** Assignment **
Exactly reproduce the lines from the one containing "肇庆市凤凰三立学校中考志愿填报指南(附招生简章) 第16张" through the last line of the data, both ends included, leaving out pictures.

┄┄┄┄┄┄┄┄┄┄┄┄┄┄┄┄┄┄┄┄

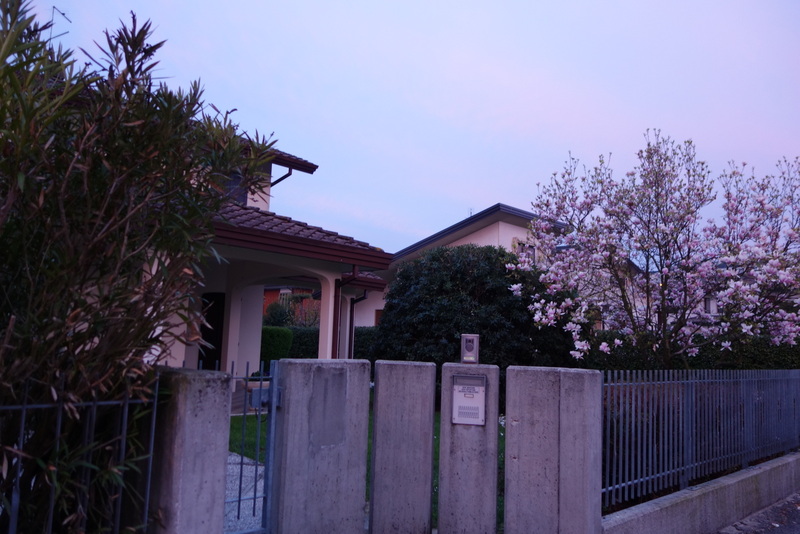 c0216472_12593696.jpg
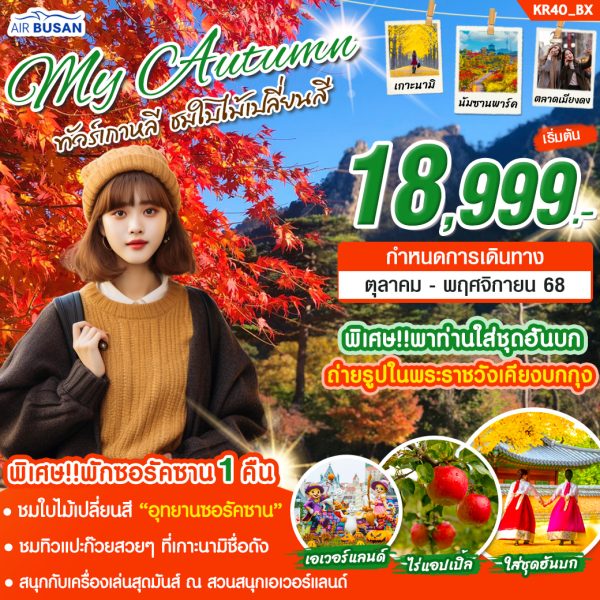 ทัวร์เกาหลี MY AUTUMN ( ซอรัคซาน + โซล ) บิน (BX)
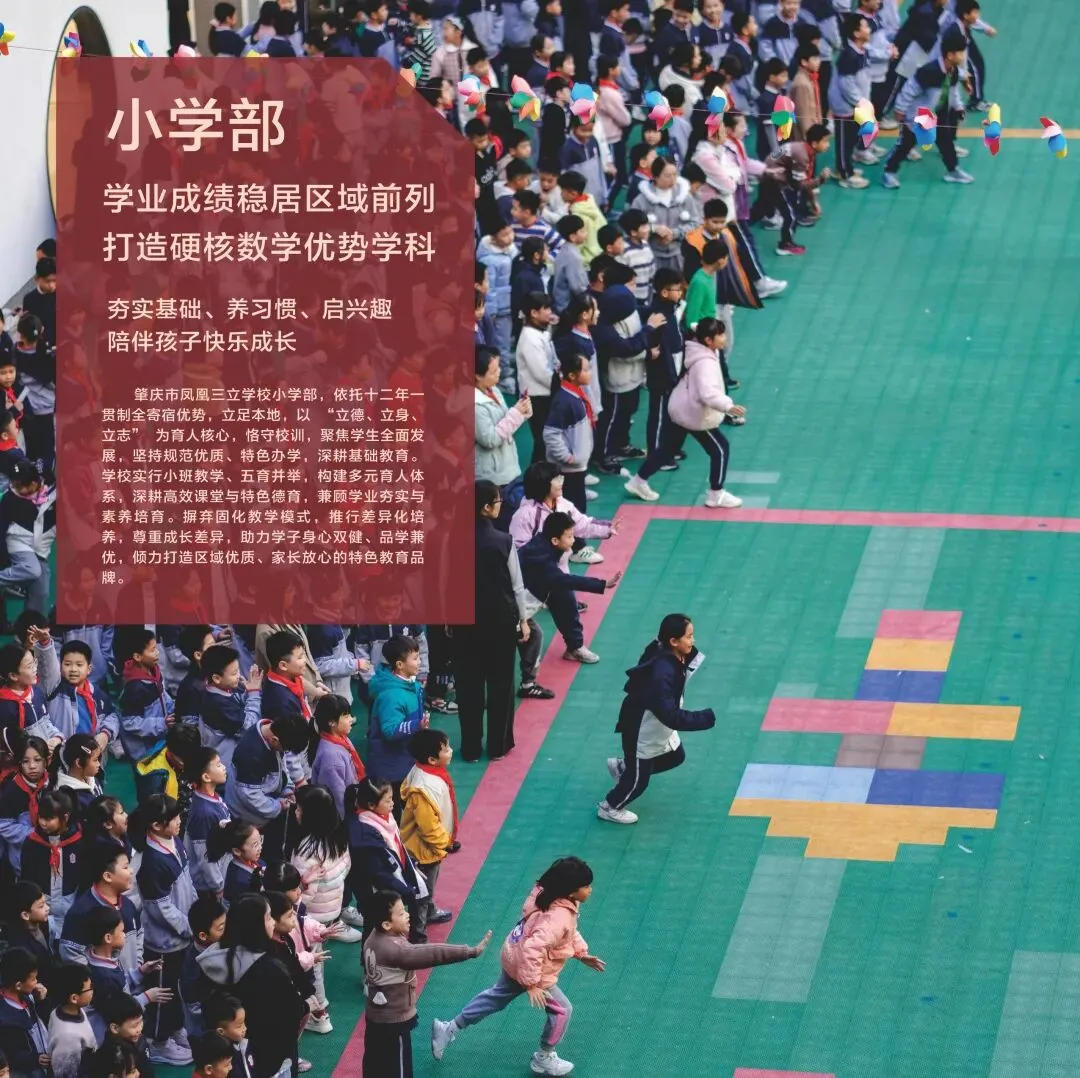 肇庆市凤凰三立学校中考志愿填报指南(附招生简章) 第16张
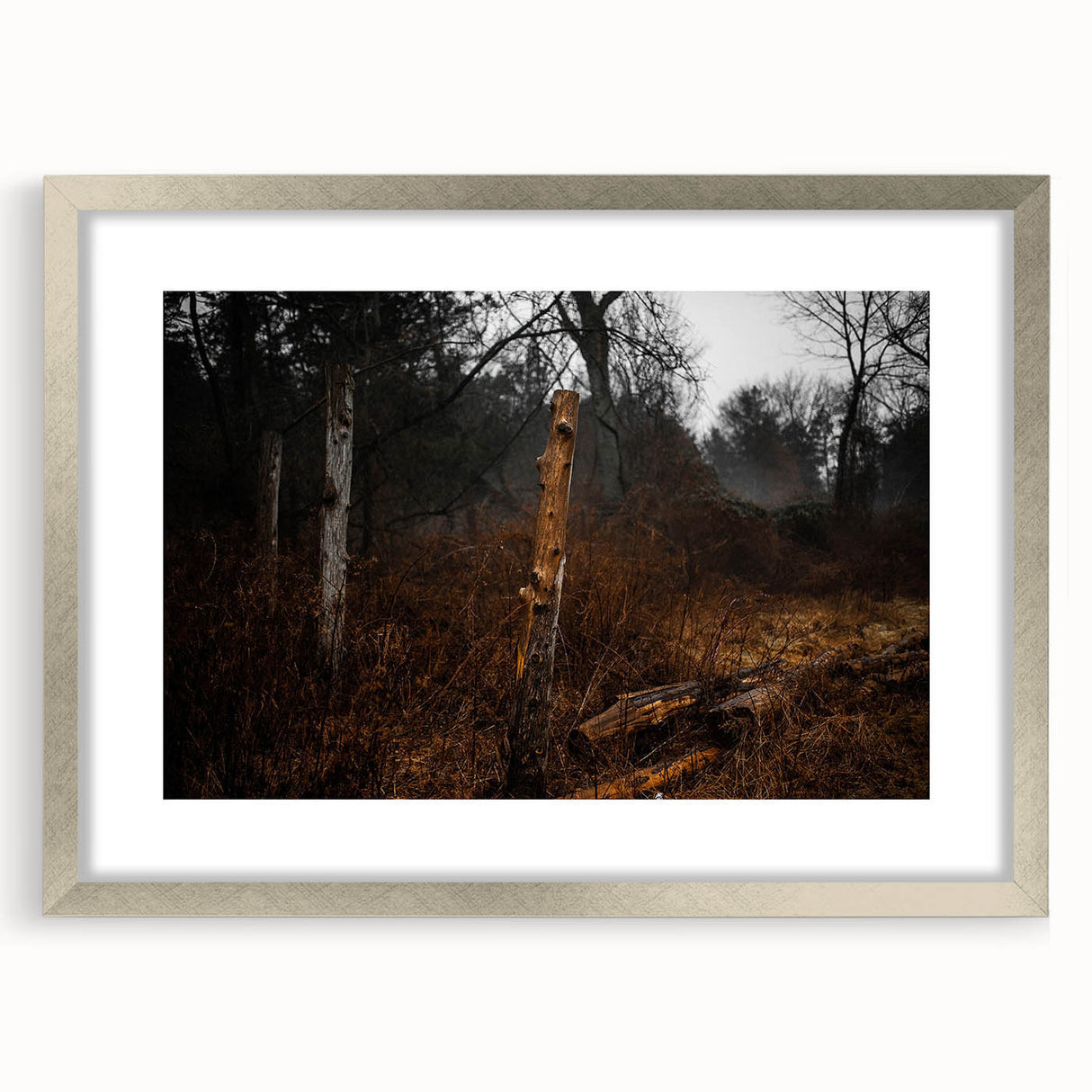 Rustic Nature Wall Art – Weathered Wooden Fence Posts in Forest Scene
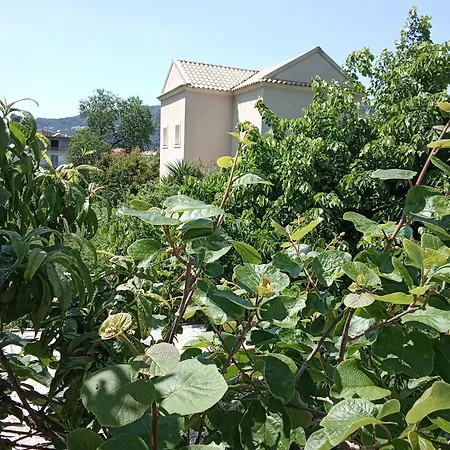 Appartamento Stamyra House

┄┄┄┄┄┄┄┄┄┄┄┄┄┄┄┄┄┄┄┄

** Answer **
 肇庆市凤凰三立学校中考志愿填报指南(附招生简章) 第16张
 Rustic Nature Wall Art – Weathered Wooden Fence Posts in Forest Scene
 Appartamento Stamyra House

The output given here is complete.